Bevor alle Musiker*innen die Bühne betreten, beginnt der Abend mit dem Opener. Heute sind Jakob und seine Freunde aus der Akademie dran. Der Bass strömt durch den Verstärker und füllt den kleinen Raum. Die Wände sind schwarz gestrichen, die Fenster verdunkelt. Tageslicht sieht hier niemand. Links neben dem Eingang befindet sich ein kleiner Tresen. Lediglich ein großer Spiegel im Regal reflektiert das Licht auf der einen Seite des Raumes. Orange und violett leuchtet es aus den Scheinwerfern, die über der kleinen Bühne an Traversen hängen. Die Spielfläche erinnert eher an eine kleine Erhebung als an eine wirkliche Bühne. Vor ihr stehen fünf kleine runde Tische, an denen bereits die ersten Personen sitzen. Ein älteres Ehepaar ist zuerst da. Ein paar Minuten später setzt sich eine Gruppe junger Menschen neben sie. Ein sechster Tisch steht weiter hinten. Auf ihm steht ein kleines Soundpult. Bedient wird es von einem jungen Mann – volltätowiert mit Vokuhila. Wären die Outfits der Menschen nicht so modern und wäre der Raum nicht frei von Nikotinschwaden, man könnte meinen, dass sich diese Szenerie in einem kleinen Keller der 1950er abspielt.
In seinem schwarz-grünen Hemd mit dunkler Jeans und blauen New Balance sitzt Jakob hinten rechts auf der Bühne. Hier reflektiert das Licht auf dem Chromrahmen des weißen Schlagzeugs. Darunter ein roter Teppich, neben dem Kabel kreuz und quer verteilt liegen. Einige verschwinden in den Verstärkern und Lautsprechern. Andere wiederum in der Wand. Auf das Solo des Pianisten folgt das des Saxophonisten. Jakob hält den Takt und führt durch den Song. Während das Publikum aufmerksam zuhört, wird die Luft langsam wärmer. Es wird voller und die Menschen stehen dicht an dicht. Ein Punker neben einer älteren Dame. Direkt daneben eine Gruppe von Studierenden, dahinter zwei Männer im Anzug an der Bar. Während die einen mit dem Kopf nicken, tippen die anderen im Takt mit dem Fuß. Gesellschaftliche Unterschiede scheinen in diesem Moment egal. Es entsteht ein Gefühl, wie es sonst nur durch Straßenmusik in Porto geschieht am Ufer des Douro, in einem Pariser Café oder in den Gassen New Yorks, wenn sich plötzlich Musiker*innen zusammenfinden und das Publikum mit ihrem Können begeistern. Doch egal, was sich das Publikum vorstellt, es entsteht vor allem ein Gefühl von Gemeinsamkeit.

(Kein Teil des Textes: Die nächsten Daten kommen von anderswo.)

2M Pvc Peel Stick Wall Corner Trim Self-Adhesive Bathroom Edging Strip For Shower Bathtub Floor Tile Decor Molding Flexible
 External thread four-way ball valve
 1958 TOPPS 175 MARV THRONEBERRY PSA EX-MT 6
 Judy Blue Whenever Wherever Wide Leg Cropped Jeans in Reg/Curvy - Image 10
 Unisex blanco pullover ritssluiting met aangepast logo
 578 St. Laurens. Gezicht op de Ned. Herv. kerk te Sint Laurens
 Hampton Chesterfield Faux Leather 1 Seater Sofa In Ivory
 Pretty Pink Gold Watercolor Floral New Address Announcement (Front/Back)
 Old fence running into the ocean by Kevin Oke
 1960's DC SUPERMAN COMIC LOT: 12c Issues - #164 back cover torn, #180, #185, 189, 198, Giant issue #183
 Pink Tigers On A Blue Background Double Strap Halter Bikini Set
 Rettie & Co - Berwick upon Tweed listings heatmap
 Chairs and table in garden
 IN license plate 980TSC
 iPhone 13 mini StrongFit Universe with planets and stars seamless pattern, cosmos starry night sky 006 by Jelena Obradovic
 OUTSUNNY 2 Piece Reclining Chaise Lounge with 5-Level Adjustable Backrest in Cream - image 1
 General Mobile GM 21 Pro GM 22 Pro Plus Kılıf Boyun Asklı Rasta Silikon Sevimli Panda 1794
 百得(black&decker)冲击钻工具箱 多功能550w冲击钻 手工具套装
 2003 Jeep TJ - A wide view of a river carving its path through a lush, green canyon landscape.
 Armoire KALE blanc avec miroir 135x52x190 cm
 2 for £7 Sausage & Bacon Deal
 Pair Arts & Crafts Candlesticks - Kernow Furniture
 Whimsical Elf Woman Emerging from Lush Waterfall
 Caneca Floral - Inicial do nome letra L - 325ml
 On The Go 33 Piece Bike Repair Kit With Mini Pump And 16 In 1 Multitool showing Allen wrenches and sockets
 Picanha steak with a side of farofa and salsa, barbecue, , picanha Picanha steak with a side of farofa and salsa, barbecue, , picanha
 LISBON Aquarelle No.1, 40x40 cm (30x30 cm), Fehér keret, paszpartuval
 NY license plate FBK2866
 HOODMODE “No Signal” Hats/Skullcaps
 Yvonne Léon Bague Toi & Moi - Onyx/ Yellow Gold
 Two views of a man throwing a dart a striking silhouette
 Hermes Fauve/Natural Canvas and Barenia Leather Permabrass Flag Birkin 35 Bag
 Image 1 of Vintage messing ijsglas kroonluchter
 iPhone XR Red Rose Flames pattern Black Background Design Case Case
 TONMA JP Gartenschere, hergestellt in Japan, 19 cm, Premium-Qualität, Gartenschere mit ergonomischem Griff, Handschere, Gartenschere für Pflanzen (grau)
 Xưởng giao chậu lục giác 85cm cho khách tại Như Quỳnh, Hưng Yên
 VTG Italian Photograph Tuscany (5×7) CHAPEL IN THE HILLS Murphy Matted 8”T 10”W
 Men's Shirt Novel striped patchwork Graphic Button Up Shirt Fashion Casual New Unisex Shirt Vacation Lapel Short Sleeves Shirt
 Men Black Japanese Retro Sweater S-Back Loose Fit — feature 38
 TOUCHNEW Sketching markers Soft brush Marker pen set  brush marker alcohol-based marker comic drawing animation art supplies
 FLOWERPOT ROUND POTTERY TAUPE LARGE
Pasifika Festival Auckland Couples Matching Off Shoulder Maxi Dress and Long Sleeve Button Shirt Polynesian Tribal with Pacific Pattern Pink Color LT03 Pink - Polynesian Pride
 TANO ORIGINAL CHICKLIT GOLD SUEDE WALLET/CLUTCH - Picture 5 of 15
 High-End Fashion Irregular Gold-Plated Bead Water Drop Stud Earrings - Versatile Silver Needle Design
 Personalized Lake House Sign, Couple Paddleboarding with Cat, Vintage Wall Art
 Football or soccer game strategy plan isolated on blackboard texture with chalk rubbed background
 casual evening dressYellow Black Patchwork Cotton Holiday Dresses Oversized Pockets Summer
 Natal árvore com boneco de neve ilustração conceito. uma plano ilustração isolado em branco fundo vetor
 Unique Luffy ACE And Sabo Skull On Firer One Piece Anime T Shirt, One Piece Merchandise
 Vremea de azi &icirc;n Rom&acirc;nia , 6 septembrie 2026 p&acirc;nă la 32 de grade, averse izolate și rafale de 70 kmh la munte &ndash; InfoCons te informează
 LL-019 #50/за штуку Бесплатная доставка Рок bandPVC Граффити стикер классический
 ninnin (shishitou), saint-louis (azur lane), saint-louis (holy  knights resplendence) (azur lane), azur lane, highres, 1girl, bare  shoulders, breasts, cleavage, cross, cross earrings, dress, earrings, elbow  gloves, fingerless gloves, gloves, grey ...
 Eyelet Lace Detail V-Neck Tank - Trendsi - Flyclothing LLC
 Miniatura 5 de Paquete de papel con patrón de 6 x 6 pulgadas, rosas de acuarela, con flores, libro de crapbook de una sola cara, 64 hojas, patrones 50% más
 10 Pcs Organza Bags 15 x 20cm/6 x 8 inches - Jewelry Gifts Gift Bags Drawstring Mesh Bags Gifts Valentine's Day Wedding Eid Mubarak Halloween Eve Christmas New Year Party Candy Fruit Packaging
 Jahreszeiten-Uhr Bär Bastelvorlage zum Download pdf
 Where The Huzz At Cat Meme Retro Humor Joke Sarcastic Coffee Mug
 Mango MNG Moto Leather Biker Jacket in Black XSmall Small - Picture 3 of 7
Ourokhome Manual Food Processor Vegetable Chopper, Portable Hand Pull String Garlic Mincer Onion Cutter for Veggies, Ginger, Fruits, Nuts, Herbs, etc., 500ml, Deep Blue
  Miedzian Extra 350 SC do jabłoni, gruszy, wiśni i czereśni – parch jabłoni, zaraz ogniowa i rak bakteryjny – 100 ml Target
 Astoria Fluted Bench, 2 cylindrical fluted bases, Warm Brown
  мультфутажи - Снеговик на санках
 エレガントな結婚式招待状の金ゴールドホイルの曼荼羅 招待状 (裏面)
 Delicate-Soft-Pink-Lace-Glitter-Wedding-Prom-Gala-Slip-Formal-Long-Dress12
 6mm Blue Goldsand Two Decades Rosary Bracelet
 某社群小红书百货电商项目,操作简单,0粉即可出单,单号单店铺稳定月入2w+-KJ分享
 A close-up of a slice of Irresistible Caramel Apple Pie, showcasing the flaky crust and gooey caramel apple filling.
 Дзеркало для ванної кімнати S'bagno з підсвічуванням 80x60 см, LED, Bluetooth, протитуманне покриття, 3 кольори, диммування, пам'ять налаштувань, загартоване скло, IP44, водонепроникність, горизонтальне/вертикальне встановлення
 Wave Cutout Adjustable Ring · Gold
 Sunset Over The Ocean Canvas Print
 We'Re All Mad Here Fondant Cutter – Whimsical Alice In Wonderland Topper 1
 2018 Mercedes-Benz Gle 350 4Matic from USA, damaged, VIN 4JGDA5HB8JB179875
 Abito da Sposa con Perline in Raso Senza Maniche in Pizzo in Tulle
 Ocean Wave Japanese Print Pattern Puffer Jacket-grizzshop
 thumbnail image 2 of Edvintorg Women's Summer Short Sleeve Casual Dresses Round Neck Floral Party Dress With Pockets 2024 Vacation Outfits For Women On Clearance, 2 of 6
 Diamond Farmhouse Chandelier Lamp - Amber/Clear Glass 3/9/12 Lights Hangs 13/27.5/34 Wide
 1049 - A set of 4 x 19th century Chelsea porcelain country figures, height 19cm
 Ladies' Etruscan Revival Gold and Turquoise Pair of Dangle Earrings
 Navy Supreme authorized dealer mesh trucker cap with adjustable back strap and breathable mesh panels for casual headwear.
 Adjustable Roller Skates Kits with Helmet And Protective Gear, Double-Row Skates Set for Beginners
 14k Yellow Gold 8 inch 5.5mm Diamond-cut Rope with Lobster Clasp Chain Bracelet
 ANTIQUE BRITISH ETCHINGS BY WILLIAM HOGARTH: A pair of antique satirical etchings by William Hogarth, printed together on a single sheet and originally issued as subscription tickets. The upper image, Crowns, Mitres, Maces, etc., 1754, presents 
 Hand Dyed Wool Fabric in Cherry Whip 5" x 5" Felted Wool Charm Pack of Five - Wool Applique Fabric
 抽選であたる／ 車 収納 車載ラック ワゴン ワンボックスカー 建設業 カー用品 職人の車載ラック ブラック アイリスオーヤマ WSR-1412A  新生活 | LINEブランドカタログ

Gemeinsamkeiten durch die Musik
Dieses Gefühl liegt in dem evolutionären Ursprung der Musik. Hauke Egermann ist Professor für systematische Musikwissenschaften an der TU Dortmund. Mit der Frage, welche emotionale Wirkung Musik auf uns Menschen hat, beschäftigt sich der Wissenschaftler schon seit rund 20 Jahren. „Eine Verbindung, die auf Musik basiert, entsteht, weil es früher zwischenmenschlich schlicht notwendig war. Diese Notwendigkeit reicht in eine Zeit zurück, in der Menschen noch keine richtige Sprache entwickelt hatten“, sagt Hauke Egermann. Schon immer waren Menschen als Babys von der Unterstützung ihrer Eltern abhängig. Schreit ein Baby, reagieren Eltern auf die Emotionen des Kindes. Das ist Teil der akustischen Kommunikation, erklärt Egermann. Gruppenmitglieder tauschen so auf akustische Weise ihre Empfindungen aus. Zudem können Menschen die Emotionen fühlen, die akustisch geäußert werden. Egermann beschreibt dieses Fühlen als eine Art Empathie. Die Forschung geht davon aus, dass sich aus einer prototypischen Sprache, die zwischen Musik und unserer heutigen Sprache liegt, zwei Kommunikationsstränge entwickelt haben: unsere Sprache und die Musik.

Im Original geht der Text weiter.